The Island Highway is a series of highways that follows much of the eastern coastline of Vancouver Island, British Columbia, Canada.

While the Island Highway has no officially designated starting point, it is understood to begin at the BC Ferries dock in Port Hardy as Highway 19. The highway continues southbound as Highway 19 until it reaches the northern end of Campbell River, at the intersection of Highway 19 and Highway 19A. At this point, Highway 19A becomes the Island Highway, and runs south through Courtenay, Union Bay, Fanny Bay, and Qualicum Beach until it reaches Parksville (this section of the highway is often referred to as the Oceanside Route).

At the southern tip of Parksville, the Island Highway rejoins Highway 19 and continues south to Nanaimo, where it meets Highway 1, the Trans-Canada Highway. The highway continues through Ladysmith, Duncan, and several other communities before winding through the higher elevation Malahat district.

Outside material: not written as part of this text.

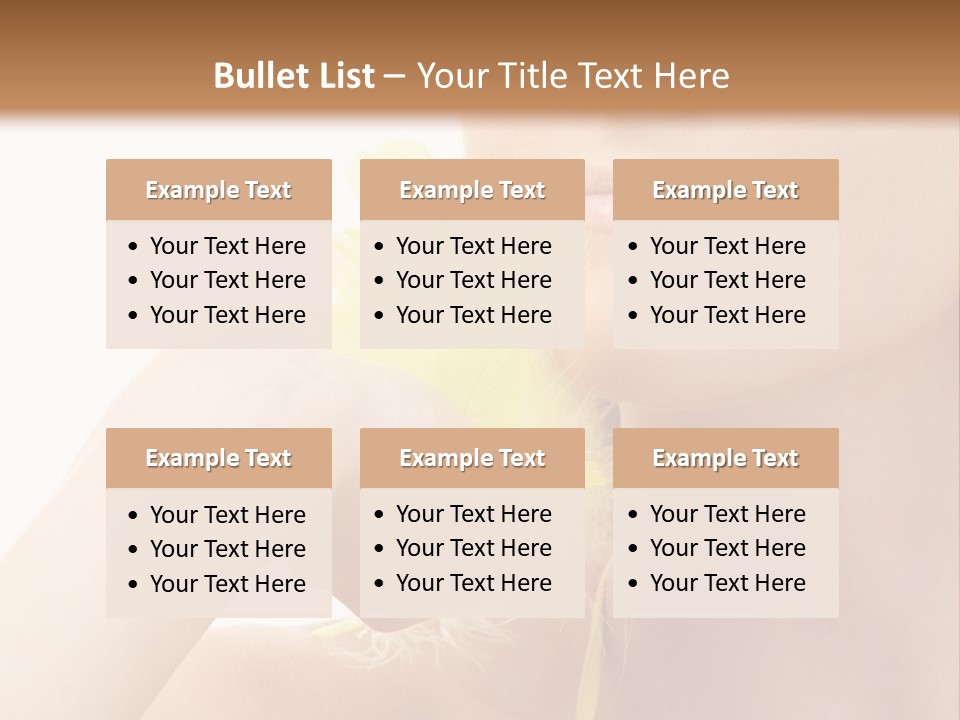 Portrait Of Girl With Yellow Feathers Over White Background PowerPoint Template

Although the Trans-Canada Highway remains the Island Highway south to Victoria, the name is rarely applied to it there. Instead and confusingly, "Island Highway" is the name still given to Highway 1A from Goldstream Avenue through Langford and Colwood to Six Mile Road in View Royal, after which the road is briefly named "Old Island Highway" for a few blocks, where the address numbering scheme changes from the 1600s to the 400s, resulting in adjacent businesses have substantially different addresses. The road then continues as "Island Highway" through to Admirals Road. Additionally, mapping tools such as Google Maps show both Highway 1 and Highway 1A as being "Island Highway" through this section.